Young children are eternally discovering who they are. When you watch the silly and nonsensical things they do, they are hard at work! Self-discovery is their job until they are about 7 years old, the age of reason. Uhhh, what is the age of reason, you ask? “The age of reason refers to the developmental cognitive, emotional, and moral stage in which children become more capable of rational thought, have internalized a conscience, and have a better capacity to control impulses (than in previous stages),” explains Dana Dorfman, PhD, a psychotherapist at Scholastic. “It’s the time when a child starts to truly grasp the difference between right and wrong and begins to realize that other people have their own feelings that might not match his or hers.” What all that means is before this age, kids are quite literally incapable of controlling themselves.
We know sometimes it’s hard, because they do become contrary, defiant, and ever so disobedient. But honestly, the best (and more stress-free) way to cope with it is to join them in this journey. Say what? You heard us. Go on and find out who they are, too. Give them those few years of exploration and wonder before we ask them to be our idea of who they should be before they have a world’s worth of expectations put on them. When we judge and expect a child to behave a certain way, we are trying to make them fit a cookie-cutter idea of how a child should behave. Just imagine someone judging and correcting you all day without explaining why. Sounds bad.
And yes of course we have to teach them the behavioral limits acceptable in society. For example, screaming at the top of their lungs in a supermarket is not OK. So what should we do?
We explain why it’s not a good idea to scream in public
We have to explain it calmly so we don’t leave negative emotional residue in our message - because the emotion behind what we say is what stays and sometimes it is the only thing they hear, rather than the actual words you’re saying to them
We have to model for them during a similar situation. Teach them how you react when you are upset and use your words to express your feelings
When stuck in traffic, instead of going ballistic, you can model by narrating your inner thoughts and feelings. “This traffic is making us late and I’m getting upset right now, but let me take some deep breaths and turn on the radio to calm me down while we wait because we can’t do anything about this traffic right now anyway.” By being honest about your thoughts and feelings, they will try to emulate that or you will remind them with the same words like “I see that you’re upset.
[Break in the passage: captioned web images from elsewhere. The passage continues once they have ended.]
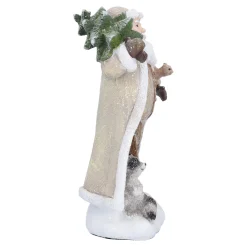 Weihnachtsmann mit Waldtieren Discount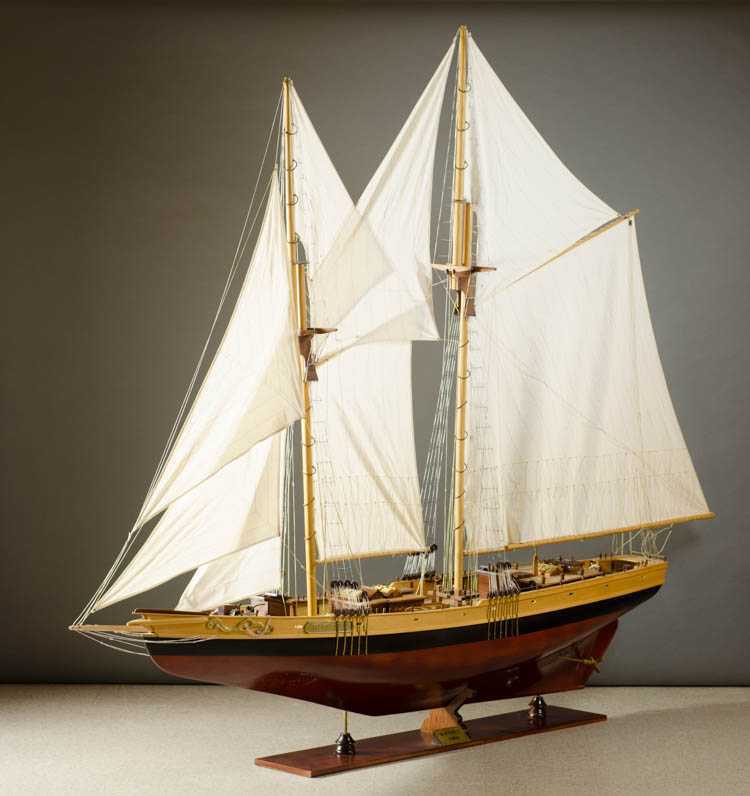 Appraisal: A LARGE SAILING SHIP MODEL of the Bluenose II the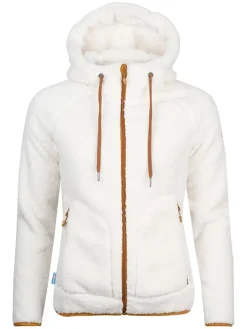 Fleecejacke "Glymur" in Weiß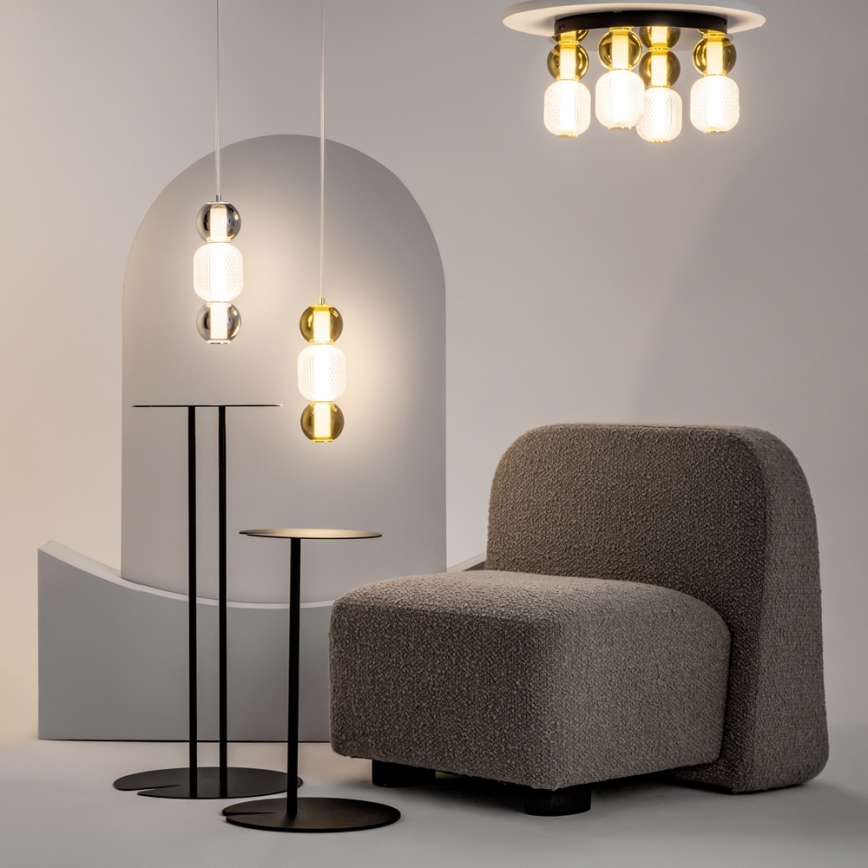 Maytoni MOD273CL-L60G3K - LED Плафониера DROP 4xLED/15W/230V Ø 43 см златист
I understand - not getting what I want upsets me too, but let's take some deep breaths and remember that we can’t get what we want all the time. There is a time for everything.”
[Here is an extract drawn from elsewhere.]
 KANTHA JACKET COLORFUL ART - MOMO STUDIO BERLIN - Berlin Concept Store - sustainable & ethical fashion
In the middle of a loud cry or a tantrum, talk to them in a whisper in their ears: “Julie, I have something to say to you, come here and listen.” They will be forced to lessen the crying and screaming and stop to listen to what you have to say
Redirect their attention and make it like a game: “If you calm down, we can try to solve the problem another way, what do you think? Maybe you can choose something else in the fruit section that’s just as sweet. Or we can go to the baking section and we can bake something sweet at home instead.”
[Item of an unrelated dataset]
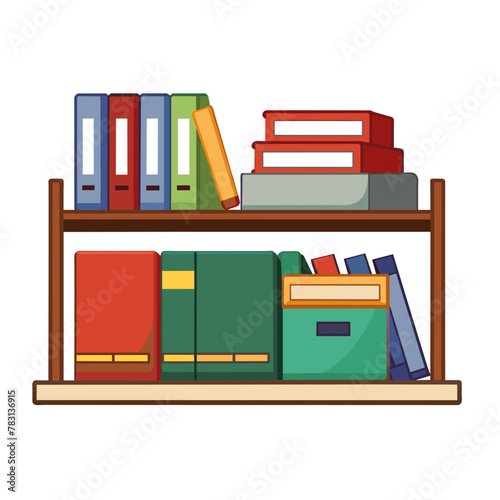 file folders on shelf for business design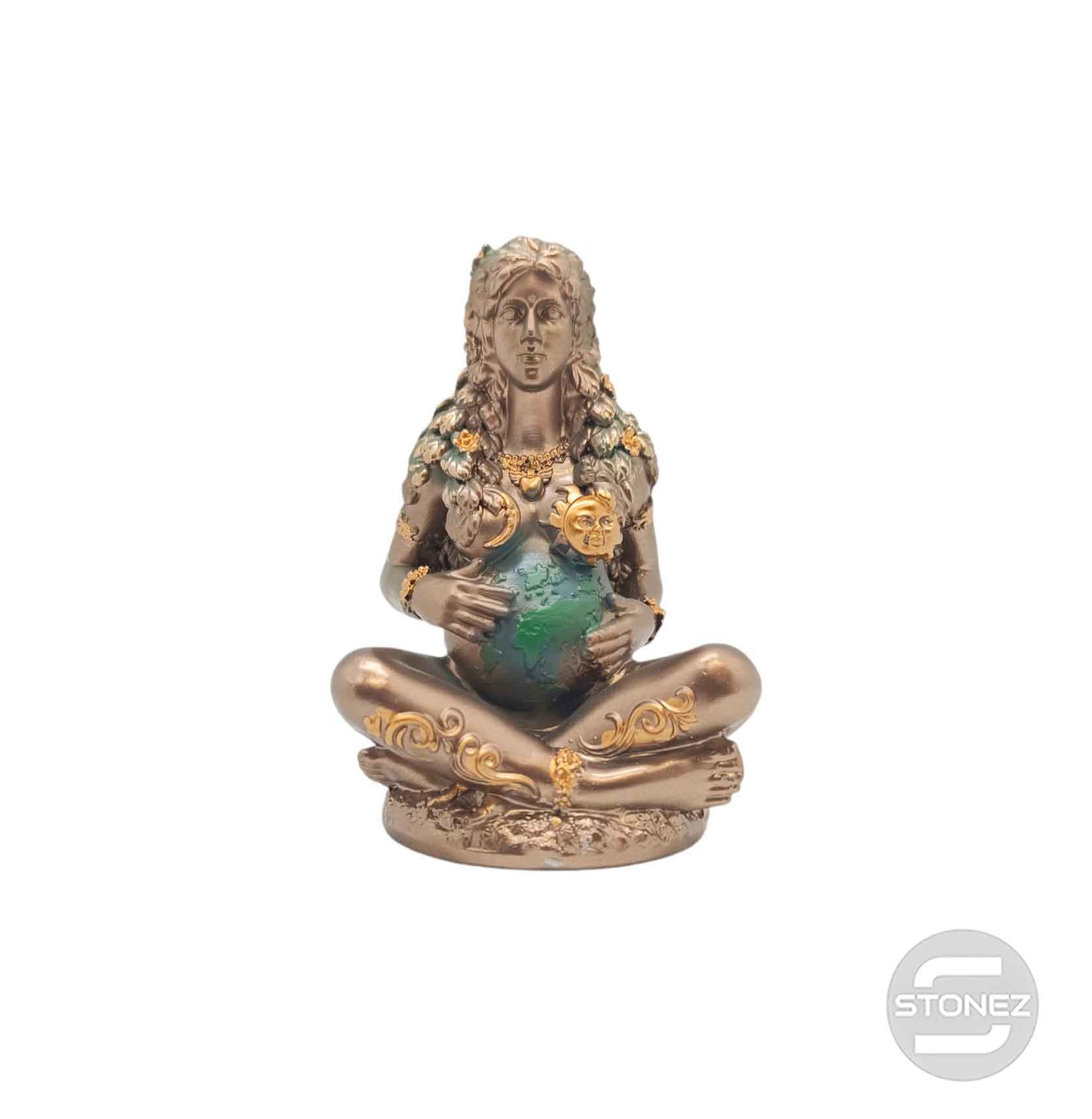 600103936 Figura En Resina Madre Tierra 12,5 X 8  Cms Aprox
Sometimes we use the shortcut of correcting them but this has negative effects on their ever-important self-discovery. Here are some of the things we do:
Compare them to a child who is calm and “behaving” at the store
Bribe them with candy or more TV time to behave
Threaten them that they will have no TV time
Tell them they’re being a baby
Get mad and storm out of the store
And the worst one of all: give them what they want!!!!
Oh yeah, it’s hard. We’ve done all of the above and yes, they are shortcuts, and they ~solve~ the situation quickly. But what did we do in the process?
We put them down by comparing them to another behaving child or comparing them to a baby
We promise them something good or something bad that will happen - and so we rob them of the opportunity to grow self-control by giving them space and the support
We gave in so they will do it again and again because they realize that screaming at the top of their lungs gives them what they want
And what does that do to their expectations of the world and of life - that if we complain enough and have a fit - then things will go our way. Sound familiar?
Overreacting and expressing strong, negative emotions communicate to them that we shouldn’t communicate our needs and express our feelings. That might not seem like a big thing, but just imagine feeling that 5-6 times a day for years and years. What kind of adult does that produce? How does it affect their self-esteem, how will they compromise themselves when they need to assert themselves as a young adult?
By not helping them grow interpersonal skills themselves, we shift their focus to things outside themselves, unhealthy coping mechanisms, and make them value those instead of their own ability to manage. Eventually, they will “behave” and try to fit in, or they will “behave” just to please you or because you scared them with your anger. But I think we love our children more than that. I think we truly want them to be their best selves, it’s just that we revert to automatic reactions and not informed responses.